Si ride. E son risate senza retrogusto, perché l'amarezza qui è tenuta a bada, per lunghi tratti. La satira sulla gioventù hitleriana è simpatica, ma molto facile. Cosa c'è di più facile che sfottere i nazisti e le loro contraddizioni? È come sparare sulla croce rossa. L'assurda narrazione degli ebrei, l'assurdo mito ariano, una società stupidamente militaresca. Il tono canzonatorio e iperbolico (ebrei con le squame e le corna, comunisti che “si fanno i nostri cani”) rende quasi scontata e accessoria la questione. Non c'è bisogno di argomentare, è tutto un maramaldeggiare.

Jojo Rabbit è bello soprattutto per altri motivi. Il nazismo simboleggia qualcosa di più. È la summa di tutti i miti e i tic mentali che gli adulti trasferiscono sui bambini, lasciandoli incastrati tra gli ingranaggi dei loro sentimenti genuini e quelli imposti e poi interiorizzati dell'educazione, dell'ideologia, dell'epica nazionale.

E in tutto questo c'è una madre meravigliosa che è dissidente politica, chioccia amorevole, e anche padre, se necessario. Una madre bellissima che deve sopportare gli entusiasmi politici del figlio di dieci anni, supportarli anche, ma raccordandoli al suo mondo di affetti, il mondo dolce di una madre che si preoccupa per le ginocchia sbucciate del figlio, ma gli dice anche che quelle orribili cicatrici che Jojo si trova in faccia non sono nulla di ché, che andranno via presto. Recita ottimismo con il cuore in frantumi.
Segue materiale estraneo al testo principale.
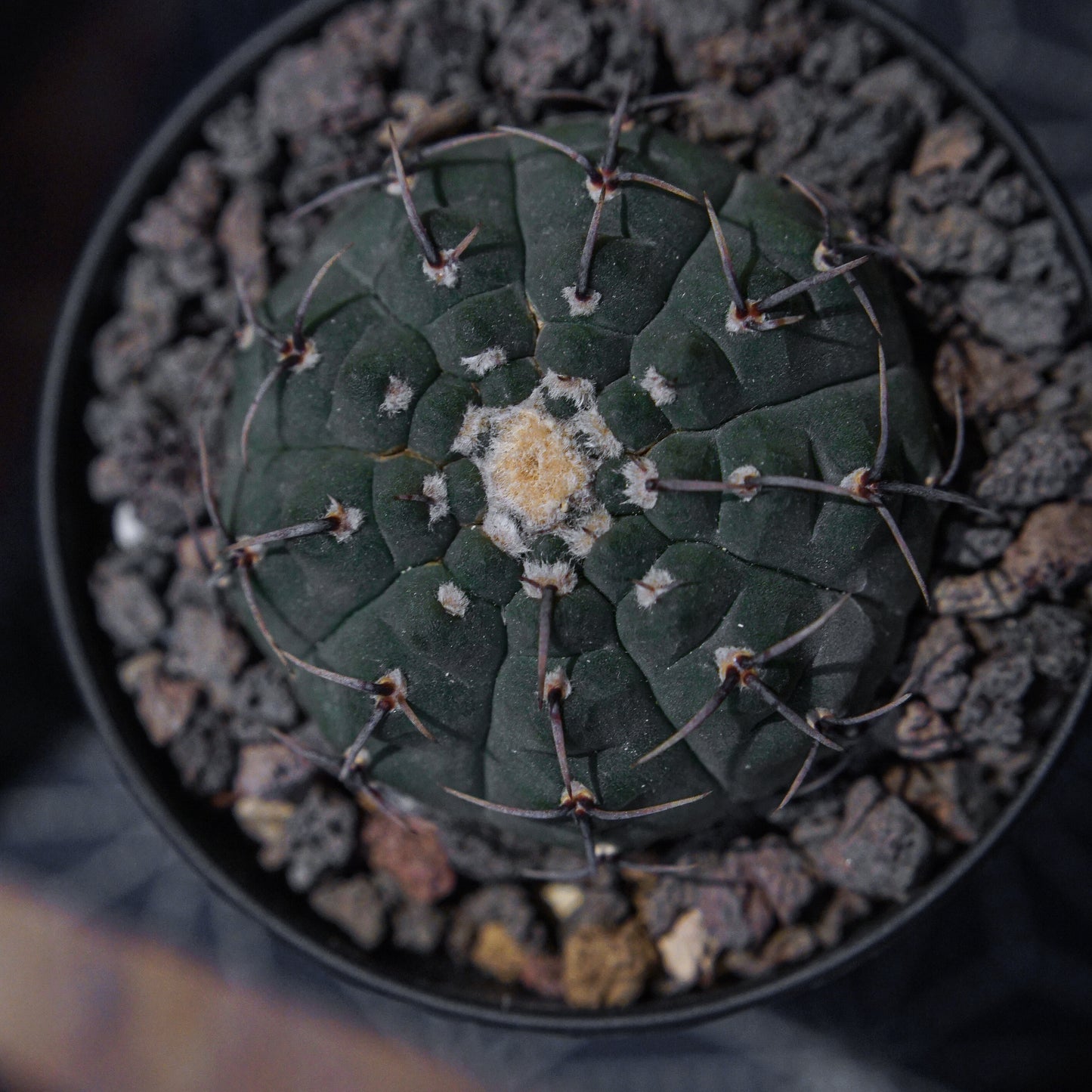 Gymnocalycium Bodebenderianum 黑刺鳳頭-Forest Round Round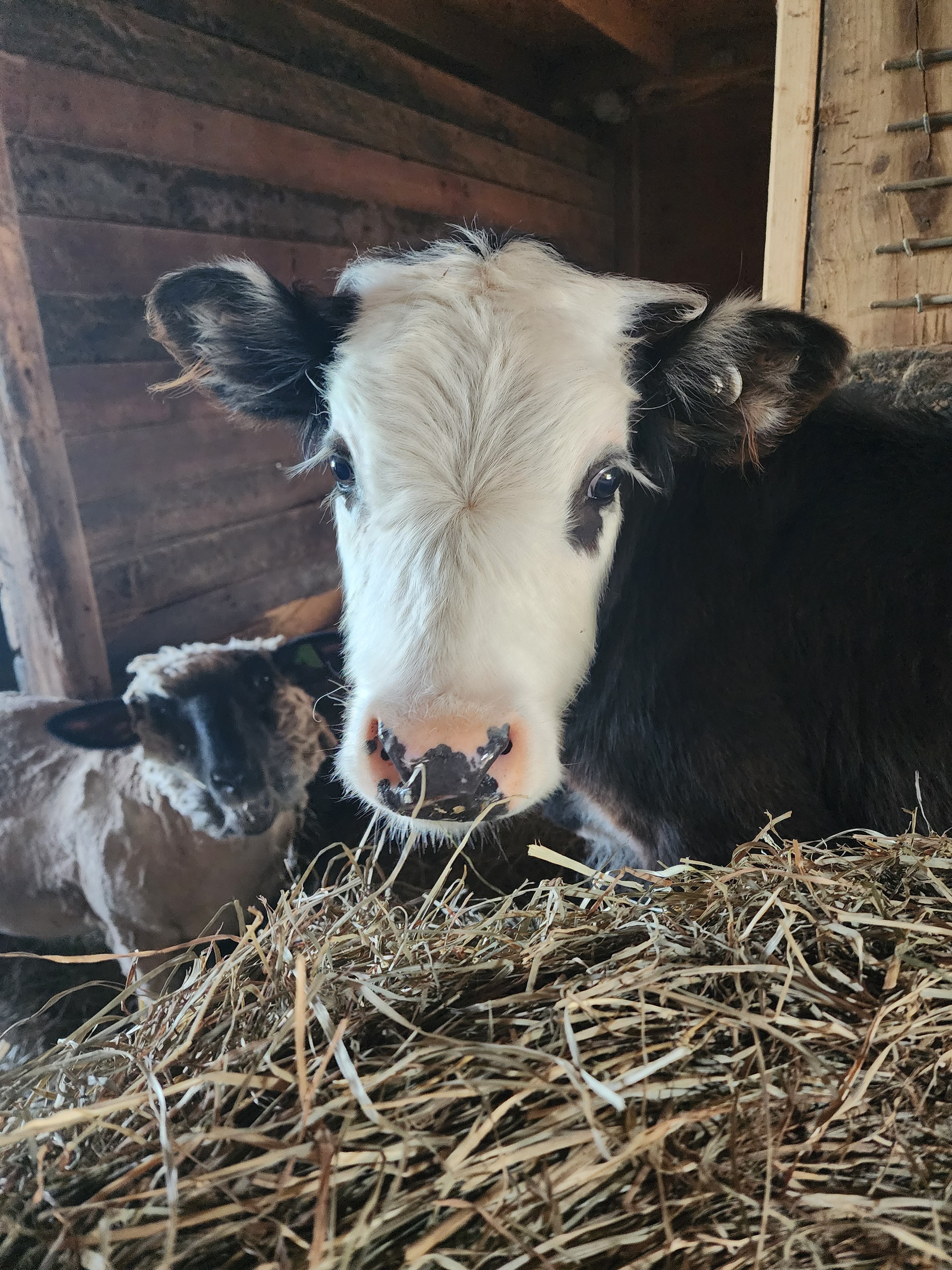 Cattle in the barn hay at Small Batch Cattle Co.
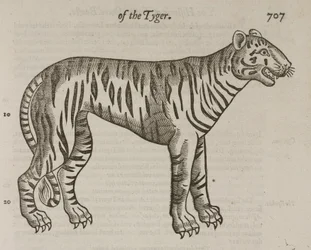 Der Tiger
Il personaggio di Scarlett Johansson conquista, non si può non innamorarsene. E laddove lo Stato sembrerebbe maschio virilissimo, in realtà si rivela fanciullo borioso, pieno di folli convinzioni, sempre corrucciato come il piccolo Jojo. In realtà il ragazzino vorrebbe solo sentirsi accettato, vorrebbe una carezza. E, allo stesso modo, lo Stato lo possono salvare solo le madri come Scarlett, mentre i mariti muoiono in guerra. Se non lo salvano, possono riaccendergli il senso dei sentimenti, la necessità della pace, la dignità dell'essere innamorati, anche di un'ebrea.
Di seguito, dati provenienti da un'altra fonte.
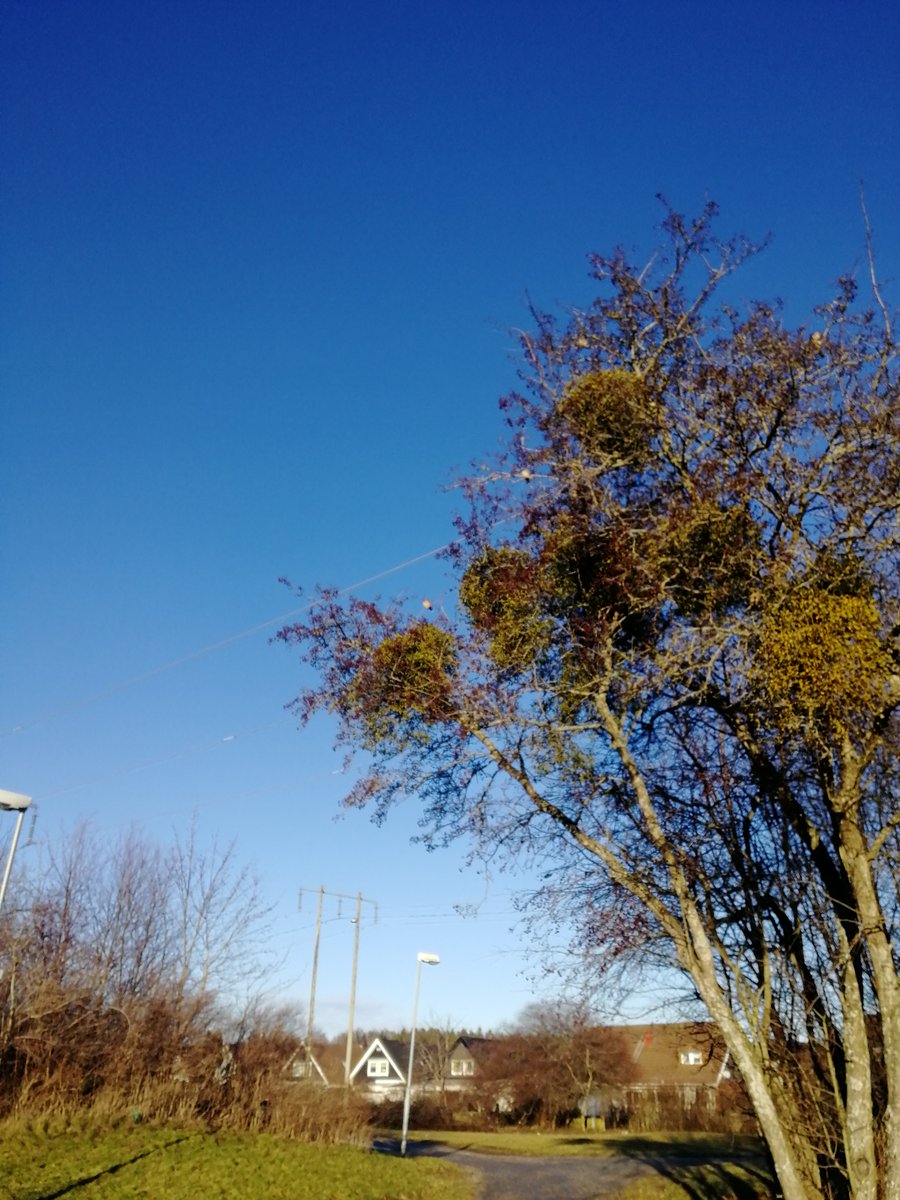 tern09's tweet image. Mild winter in #Västerås. #Waxwing are still in town eating mistletoe berries. #sidensvans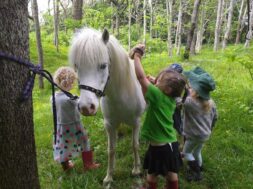 8692E594-31A9-4B86-A446-7A3C10528EC5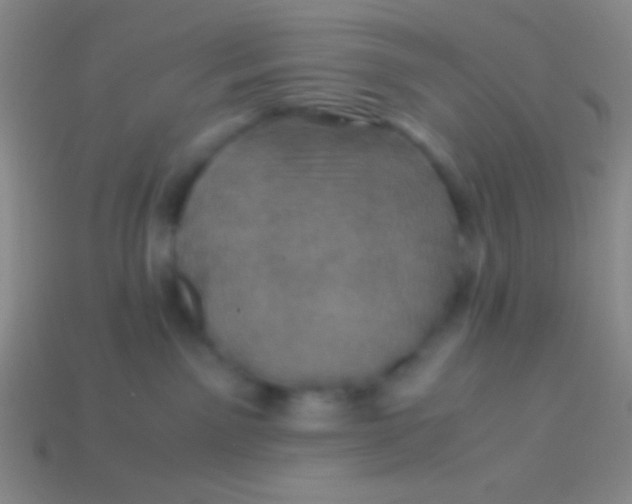 X0000113600141200910161915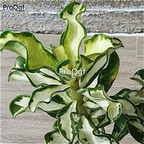 19usd ngryise 50pcs True Thailand Rare grafted desert rose seed
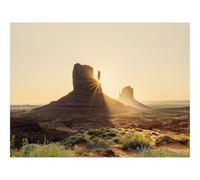 500 Pezzi Puzzle,Idea Regalo per lei o lui-Roccia,Valle,Raggi,Sabbia,Cespugli 52x38cm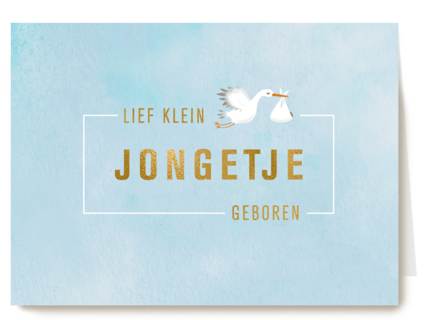 Babykaart zoon Ooievaar Een klein jongetje geboren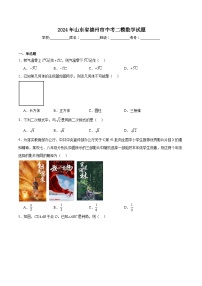 山东省德州市2024届九年级下学期中考第二次练兵考试数学试卷(含解析)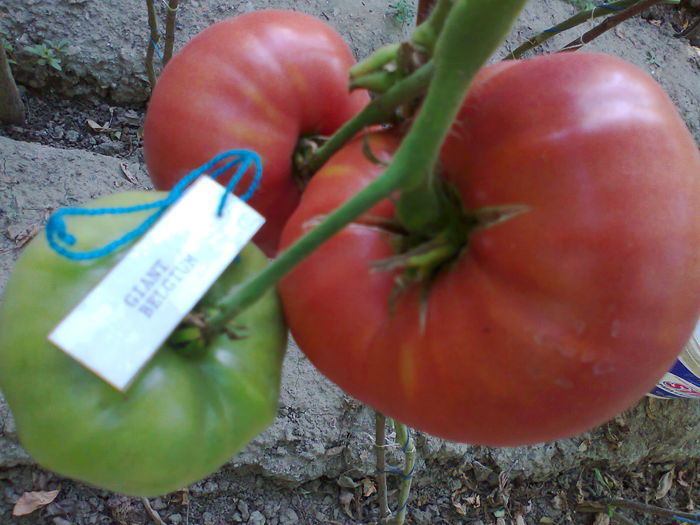 GIANT BELGIUM-2728; GIANT BELGIUM
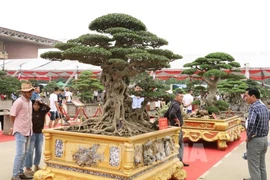 Les espaces d’exposition consacrés aux fleurs, plantes et organismes d’ornement, emblématiques du printemps et de la culture du Têt, seront renforcés à la première Foire du Printemps 2026. Photo : VNA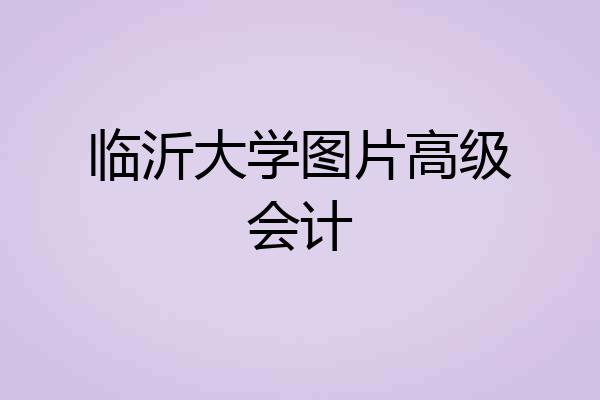 临沂大学图片高级会计
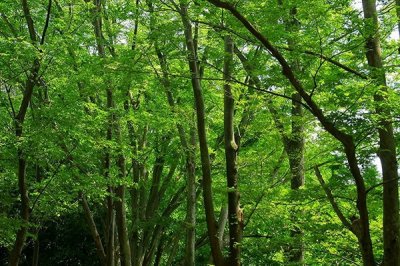 为何说中国缺乏心理咨询师?心理健康教育普及为何不达到重视?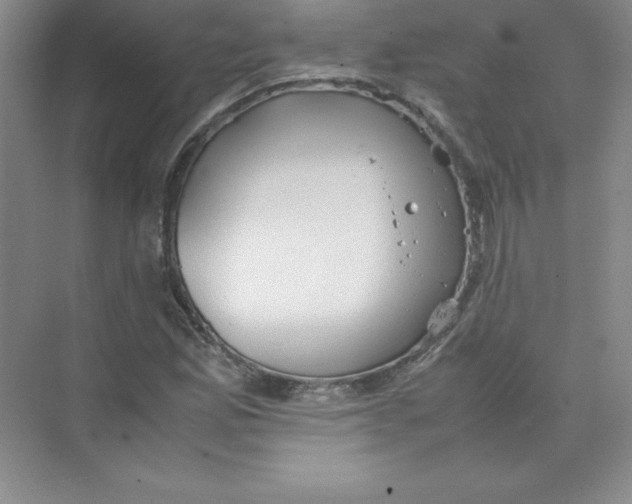 X0000074211165200609221934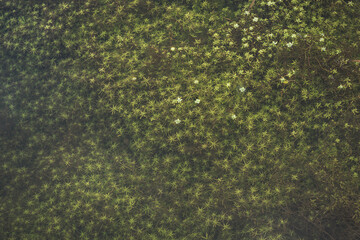 Obraz na płótnie Canvas green moss background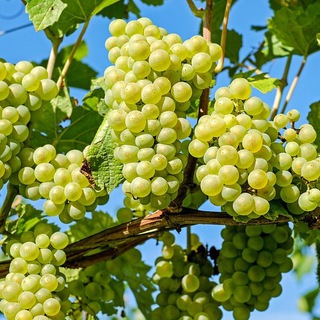🍇 Меню на 1600 ккал. Похудение. Здоровье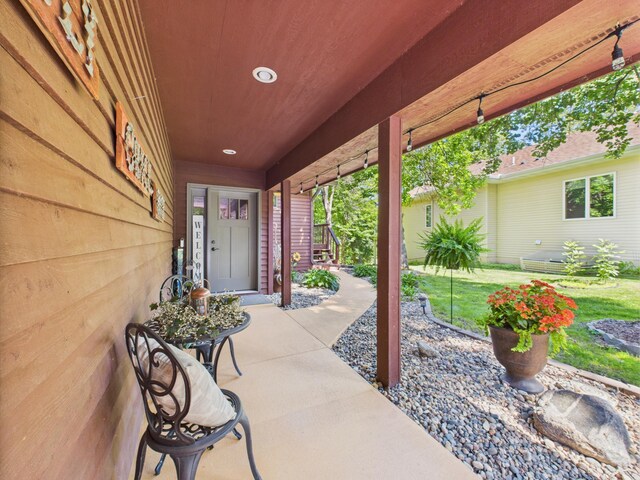 305 Birchcrest Dr, Glenwood Twp, MN 56334 - photo 60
Il film ha un'andatura un po' zoppicante, alternata tra parti un po' blande e altre molto riuscite, anche visivamente. Strafalcioni buffi, personaggi macchietta, e poi approfondimento morale, diverse tonalità emotive. Ci sono inquadrature che restano impresse, e una riguarda un paio di piedi con scarpette smaltate. C'è un po' di retorica antinazista non necessaria che diluisce la qualità, ma alcuni momenti sono mirabili e tutto sommato il meccanismo antifrastico funziona. Mostrandoci l'entusiasmo dei bambini per il nazismo, si smascherano le implicite assurdità di un capriccio bambinesco.

Obiettivo base, facile, a cui si aggiunge la tenerissima battaglia di un bimbo tra sentimenti buoni e spontanei e sovrastrutture inspiegabilmente ostili ma ben sedimentate. Jojo di fronte all'amore non sa spiegarsi perché quel sentimento, secondo Hitler, sarebbe sbagliato. Quando vive, Jojo capisce che quella dottrina fa a cazzotti con il normale scorrere dell'esistenza e dei sentimenti. È un capriccio furibondo di un eterno moccioso che non vive, che si arrocca nel suo patetico castello.

Simpatico il Führer interpretato dallo stesso Waititi, che fa da prosopopea dell'anima del piccolo Jojo, tra gag slapstick e divertenti iperboli ideologiche. Dolcissimi i dialoghi tra Jojo e l'amico paffutello che mescolano assurde questioni belliche e normali confidenze adolescenziali. “Ho quasi la fidanzata, però è ebrea”.